EURCHF bulls briefly overcame the formidable 1.0970 zone, which is the 23.6% Fibonacci retracement level of the down leg from 1.1475 to 1.0810, although the bears seized back control and are currently challenging that level. In recent weeks, the pair has been in recovery-mode, reclaiming some of the losses it posted during a nineteen-week decline that commenced on April 23.
The unfolding short-term positive outlook also seems to be backed by the 21- and 42-day simple moving averages (SMAs), as the 42-day SMA has flattened, with the 21-day SMA nearing a completion of a bullish cross. That said, short-term oscillators paint a mixed picture, as the RSI is pointing down while the MACD still suggests that upside momentum remains in play.

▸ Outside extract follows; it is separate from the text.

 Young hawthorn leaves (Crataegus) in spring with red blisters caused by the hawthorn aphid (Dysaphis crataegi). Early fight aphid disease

In a positive scenario, the price could rally further to the 38.2% Fibo of 1.1065, before the 100-day SMA at 1.1075. Climbing higher, the 50.0% Fibo of 1.1140 unfolds ahead of a nearby resistance at 1.1160. Logging more gains, the road would open towards the 200-day SMA around 1.1195.

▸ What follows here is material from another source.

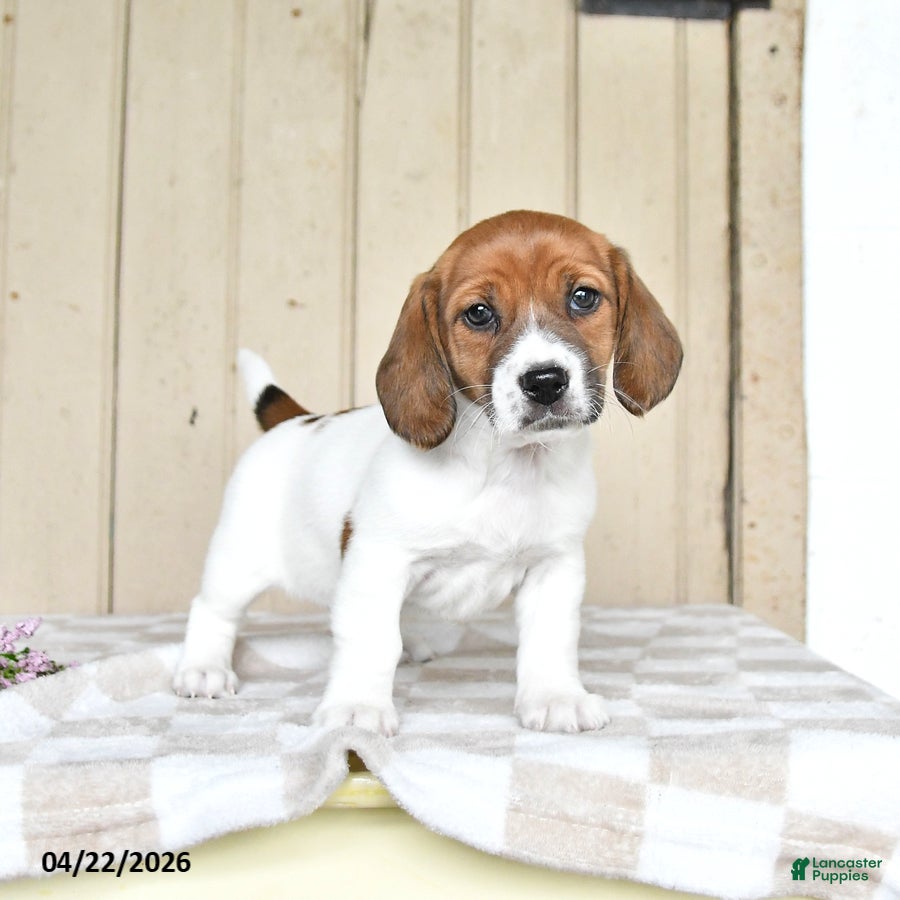 Mixed Breed dogs Lexi  - Ad 1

If the bigger negative picture overwhelms and the bears push clearly below the 23.6% Fibo of 1.0970, the pair could encounter some interference around the more durable support region of 1.0910 – where the 21- and 42-day SMAs also lie. If the selling persists, the swing low of 1.0850 could apply pressure ahead of a revisit to the twenty-eight-month low of 1.0810 and before the focus shifts again to the gap of April 2017.
Overall, steering above 1.1065 could turn the short-term bias to bullish, while a shift back below 1.0810 would enhance the negative sentiment in the medium-term.